Company X has just built a new eCommerce site and is consider adding an extra layer of cyber security. VP Bob volunteers to research the product category. Google points him towards Acme, a mature leader in the space, and he downloads a comparison guide, but it finds it difficult to determine if Acme is comparing apples-to-apples with other vendors. And once he signs up, Acme bombards him with emails. Bob gets an irrelevant email almost every day and Acme ads show up on his favorite sites. But instead of making his due diligence easier, all these random touches are making it more confusing. Then the sales calls start…and he can tell Acme know nothing about him or Company X. It seems clear that Acme wants to do business on their terms, not his. How is Bob to proceed?
If Bob’s story sounds familiar, it’s because we all regularly engage with companies that market poorly. Despite many advances in B2B Marketing tools, techniques and tactics, most companies have yet to tie all that together for the benefit of the prospective client. The result can be huge gaps between a prospect’s desired shopping experience and reality.
This often occurs because Marketing and Sales processes evolved in silos independent of the Customer Experience. Fixing that requires a concerted top-down, bottom-up effort to refocus outside-in, versus inside-out. Instead of spraying emails, Marketing learns to nurture prospects with relevant offers based on their digital body-language – the right message at the right time in the right format and channel. Sales learns to engage at the right time, tailoring their approach based on prospect actions. All customer touchpoints become orchestrated. The Pedowitz Group calls this evolution The Revenue Marketing Journey.

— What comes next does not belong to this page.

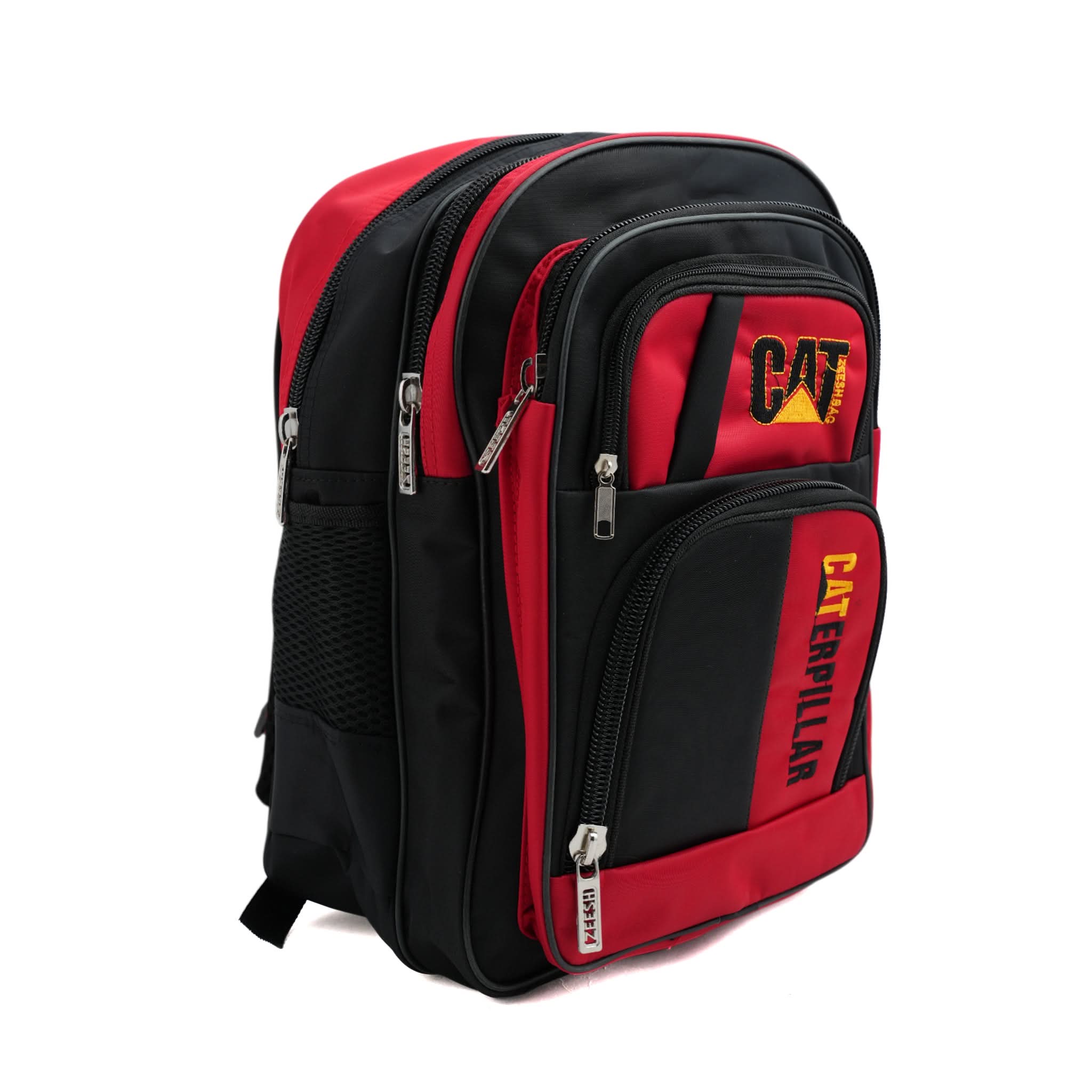 Kids School Backpack 15.5" Zee-213 - Red, School Bags, Chase Value, Chase Value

Focusing on the customer’s purchase experience versus your company’s requirements will take your customer relationships to a new level. When Bob gets the right sales, service and support, he will be happy to engage. Acme will purchase, buy more, renew, and even advocate. You’ll see breakeven, profitability and maximum life-time value.
If your prospects don’t want what to play it your way, consider adapting to their needs. The easier you make their lives, the more they will support you – a win-win outcome.